Cape Securities, Inc., a FINRA member since 1976 headquartered in McDonough, GA, offers brokerage services via 118 registered reps via its 20 branch offices and 79 non-registered offices. The Firm was censured and fined $125,000 after consenting to FINRA findings that the firm failed to establish and enforce adequate supervisory systems to detect/prevent fraudulent wires executed by the firm’s reps; supervisory failures pertaining to identifying and preventing excessive and unsuitable trading and churning in client accounts; and supervisory failures pertaining to their anti money laundering processes. FINRA Letter of Acceptance, Waiver, and Consent No. 2013035211002 (May 5, 2015).
According to the Letter of Acceptance, Waiver, and Consent
From February of 2012 to September of 2012, a registered rep referred to as “PE” had converted client funds for his benefit from the brokerage accounts of 7 Cape customers. The AWC noted that PE had submitted a total of 21 separate wire transfer requests which totaled $690,152.90 on behalf of his clients, yet none of his clients actually authorized such transfers. Cape’s AML system failures, according to the AWC, resulted in Cape not being able to detect PE’s repeated wire funds transfers between client accounts and PE’s operating account at his branch office.
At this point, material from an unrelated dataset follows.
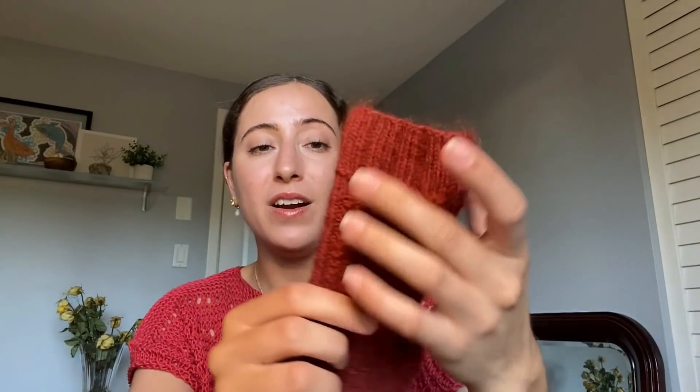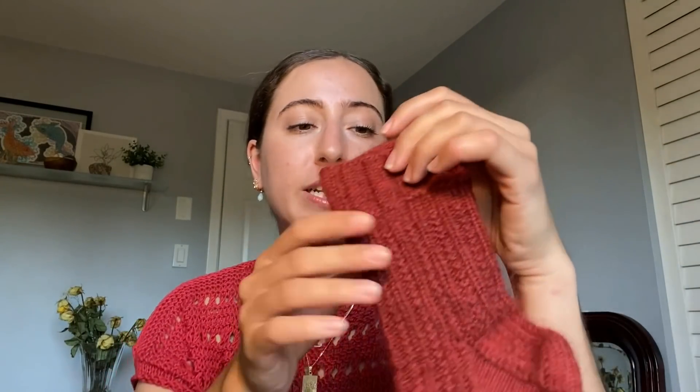Finished object number three is also something that you've seen before, and this has been a long time coming. I finished my second Selena sock. A while back, I test knit this sock for my friend Nicole, who is Professor Pearl. This sock was her first design ever, and it is loosely inspired by a character in one of her favorite book series. I was really keen to test knit this because one of my 2022 knitting goals was to try a textured sock. It was also super fast because it's a DK weight sock.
The AWC stated that Cape Securities failed to detect that the aforementioned 21 wires were being sent to a third party or were unauthorized. According to the AWC, even after PE admitted to have submitted forged signatures on wire transfer requests for one of the client’s accounts, the firm neither made any additional inquiries into other wire transfers coming from PE’s office, nor put in place additional supervision of PE. Consequently, according to the AWC, PE engaged in several more wire transfers, converting more than $100,000. FINRA found Cape to have violated FINRA Rules 2010 and 3310(a) along with NASD Rules 3010(a), 3010(b), and 3012(a)(2)(B) given the aforementioned conduct involving PE.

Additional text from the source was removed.